Today we noticed that a feature we released yesterday created a really nasty side effect. While experimenting with a new content structure for AUDI, which was the only one we wanted the search engine bots to crawl, we accidentally invited the bots to crawl all content for all brands. As the content of all other brands was not migrated to the new content structure this bore the risk of spoiling our search engine ranking of our most important pages and thereby hurting our bottom line. Ouch. It was time for an emergency fix to stop the bots from reading too much stuff which might confuse their judgement about our site.
Root Cause Analysis
It’s bad enough that such things happen once. But what I want to avoid by any means is that such a thing might happen again. Just fixing it and then going on as usual doesn’t cut it for me. I really want to understand all the factors which led to such an error. It’s not about blaming anyone but it is about learning what happened, and, even more important, what to change to prevent it from happening again.
So, which forces were at play? Our usual process for critical changes like yesterday’s looks like this:
- The Business Owner enters a user story into our backlog. Usually the story describes how a certain feature shall look.
- The developer starts implementing the story in a test driven manner
- As soon as the story is ready for test, the Business Owner tests it and signs it off
- If it’s critical enough, I usually do some more rigorous testing for side effects
- Then the story goes live
Usually, this process ensures that we avoid releasing badly broken stuff.
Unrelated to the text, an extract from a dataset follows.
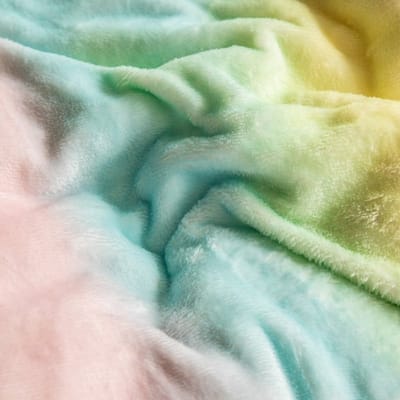 Dekbed-Discounter - Luna Bedding Dekbedovertrek 240 x 200/220 cm - Teddy - Dubbele instopstrook - Wassen op 30 graden - Inclusief 2 kussenslopen - Tie Dye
We have enough quality gates in the way to catch nearly all the bad guys. So how could this one sneak through? Thinking about it for a minute, I immediately came up with a list of stuff to further investigate:
- Was there too much logic in the views? Is the stuff really unit tested?
- We already developed the same story once before and dropped the result as it didn’t suffice. So this was the second approach to the same issue. It might be the case that we didn’t judge the side-effects as serious as the first time (wear-off effect)
- Only “positive” testing. Sign off testing focuses quite mainly on “Is the new stuff there?”. I have the feeling that we don’t do enough “negative” testing like “Is this old feature broken now because of the new stuff?”
- As I was busy with other tasks, and we already tested it once, I didn’t give it a second look
Looking at those points, two root causes seem to surface: Lack of well defined, acceptance test criteria and lack of peer review.
Writing Bullet Proof Acceptance Test Criteria
While fleshing out a story, we do a very detailed concept of the desired effects: How shall a new page look like?, Shall the new links be ‘follow’?, etc. Sometimes we mention some invariants like: “Keep all other pages like they are” or “This does not apply for that page”. But what we usually leave out is describing test cases to verify that everything works as expected:
- Given the brand AUDI, the links in the “top-link-box” shall be follow
- Given any other brand, the links in the “top-link-box” shall be nofollow
So far it worked out, but this time we got bitten 😦
Good acceptance test criteria should guide a tester to validate all critical points of a new feature. The most difficult part here is to find out which side-effects might come up and how to test for them. Finding those usually requires a detailed understanding of the dependencies within the application. Those are usually best understood by the developers. Because of that, it’s usually a good idea that the developer adds some test criteria as well. He knows better than anyone else what might break.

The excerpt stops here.